One of Australia’s biggest alcohol sellers is trying to ring-fence its business and cushion customers as the Middle East conflict threatens supply chains and pushes up fuel and freight costs.
Endeavour Group, which owns more than 1500 Dan Murphy’s and BWS outlets, has also hinted at job cuts going into its new financial year as part of a $100 million cost savings drive.
Endeavour is taking action after seeing relatively flat sales of $2.4 billion in the third quarter of fiscal 2026.
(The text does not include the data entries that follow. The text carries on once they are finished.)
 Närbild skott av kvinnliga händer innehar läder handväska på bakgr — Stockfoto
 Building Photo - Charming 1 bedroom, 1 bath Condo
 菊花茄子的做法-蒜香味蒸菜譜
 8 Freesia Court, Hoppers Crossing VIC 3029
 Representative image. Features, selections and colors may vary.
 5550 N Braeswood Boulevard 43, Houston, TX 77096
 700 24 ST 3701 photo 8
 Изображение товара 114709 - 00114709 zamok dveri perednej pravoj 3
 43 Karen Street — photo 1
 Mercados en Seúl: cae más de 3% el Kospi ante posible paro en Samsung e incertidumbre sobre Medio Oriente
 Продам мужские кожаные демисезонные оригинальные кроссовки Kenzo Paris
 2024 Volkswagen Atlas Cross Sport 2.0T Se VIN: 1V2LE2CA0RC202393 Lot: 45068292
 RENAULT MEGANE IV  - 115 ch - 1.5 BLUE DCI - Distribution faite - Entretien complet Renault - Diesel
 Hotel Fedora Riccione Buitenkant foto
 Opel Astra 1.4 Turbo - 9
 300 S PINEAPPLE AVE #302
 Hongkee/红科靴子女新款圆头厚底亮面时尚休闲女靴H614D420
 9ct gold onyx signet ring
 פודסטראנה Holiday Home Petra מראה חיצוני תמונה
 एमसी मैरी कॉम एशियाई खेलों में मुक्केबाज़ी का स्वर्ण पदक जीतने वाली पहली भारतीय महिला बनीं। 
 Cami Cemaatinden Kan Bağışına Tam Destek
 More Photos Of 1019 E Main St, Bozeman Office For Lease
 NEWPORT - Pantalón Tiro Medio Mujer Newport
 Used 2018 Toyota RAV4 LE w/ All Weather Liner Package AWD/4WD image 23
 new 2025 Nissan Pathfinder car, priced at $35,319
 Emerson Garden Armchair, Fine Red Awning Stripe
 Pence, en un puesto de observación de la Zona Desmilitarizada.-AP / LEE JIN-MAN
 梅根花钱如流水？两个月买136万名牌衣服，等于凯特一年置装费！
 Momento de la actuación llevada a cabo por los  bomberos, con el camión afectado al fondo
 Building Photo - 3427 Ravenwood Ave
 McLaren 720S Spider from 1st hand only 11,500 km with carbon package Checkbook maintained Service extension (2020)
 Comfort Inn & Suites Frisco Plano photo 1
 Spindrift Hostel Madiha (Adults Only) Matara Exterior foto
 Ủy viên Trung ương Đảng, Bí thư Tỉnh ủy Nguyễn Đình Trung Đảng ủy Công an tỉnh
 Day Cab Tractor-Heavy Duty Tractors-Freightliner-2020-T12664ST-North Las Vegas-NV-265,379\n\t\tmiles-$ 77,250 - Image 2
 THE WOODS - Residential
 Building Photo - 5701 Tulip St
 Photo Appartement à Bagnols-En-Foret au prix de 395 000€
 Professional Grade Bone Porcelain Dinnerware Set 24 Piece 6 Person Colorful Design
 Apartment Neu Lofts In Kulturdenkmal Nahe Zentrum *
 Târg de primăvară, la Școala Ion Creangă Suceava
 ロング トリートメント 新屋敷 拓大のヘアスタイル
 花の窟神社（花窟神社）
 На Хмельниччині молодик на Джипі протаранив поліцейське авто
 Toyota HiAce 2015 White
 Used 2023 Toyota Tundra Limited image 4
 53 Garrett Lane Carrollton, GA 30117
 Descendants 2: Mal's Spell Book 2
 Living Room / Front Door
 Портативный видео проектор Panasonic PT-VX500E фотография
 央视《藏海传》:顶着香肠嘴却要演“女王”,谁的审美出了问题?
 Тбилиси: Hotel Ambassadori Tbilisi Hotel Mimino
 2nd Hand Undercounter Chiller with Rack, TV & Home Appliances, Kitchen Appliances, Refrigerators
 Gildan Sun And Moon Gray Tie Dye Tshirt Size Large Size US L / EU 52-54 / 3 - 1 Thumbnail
While sales were supported by strong trading over Easter, consumer demand remains subdued.
The group’s outlook is in line with its major competitor Coles, which last week said sales at its Liquorland business fell 3.9 per cent to $781 million in its first half.
The supermarket group’s boss Leah Weckert said consumers were counting their pennies as confidence nosedived after the war began on February 28.
“Liquor is just a more discretionary category than something like food,” she said last week.
“People will make decisions to cut back in that space to make way for the increased lines in their budget that they might see on things like mortgages or energy or groceries.”

Endeavour, which also owns hundreds of pubs, said sales at the venues began to soften in March across food and bar sales, gaming activity and accommodation bookings.
This was despite an overall sales lift in its hotels division of 3.7 per cent to $531 million in the three months ended April 26.
Endeavour is now adding $400 million more to its inventory to create a buffer against potential supply chain issues due to the war.
It is also closely watching price pressures in its supply chain due to higher fuel costs.
“Endeavour is working with its suppliers to manage these pressures to mitigate structural cost inflation and to minimise the impact on customers,” it said in a statement.
The company warned it would incur additional fuel and freight-related costs over the remainder of its financial year of between $6 million and $8 million.

RBC Capital Markets analyst Michael Toner said, despite the somewhat gloomy consumer outlook, Endeavour’s overall sales were ahead of consensus.
“However, taking a forward-looking view, the (half-year to date) sales growth (including April) shows signs of deceleration as cost of living weighs on spending,” he said.
Earlier this year, chief executive Jayne Hrdlicka said the group was putting its customers before profits after cutting prices to stay ahead in a highly competitive market.
“To be clear, the intention is that Dan Murphy’s will not be beaten on price by anyone at any point for any reason,” she told a first-half results briefing in March.
Endeavour shares dropped by 7.5 per cent in morning trade before recovering around midday to $3.28, down 4.3 per cent.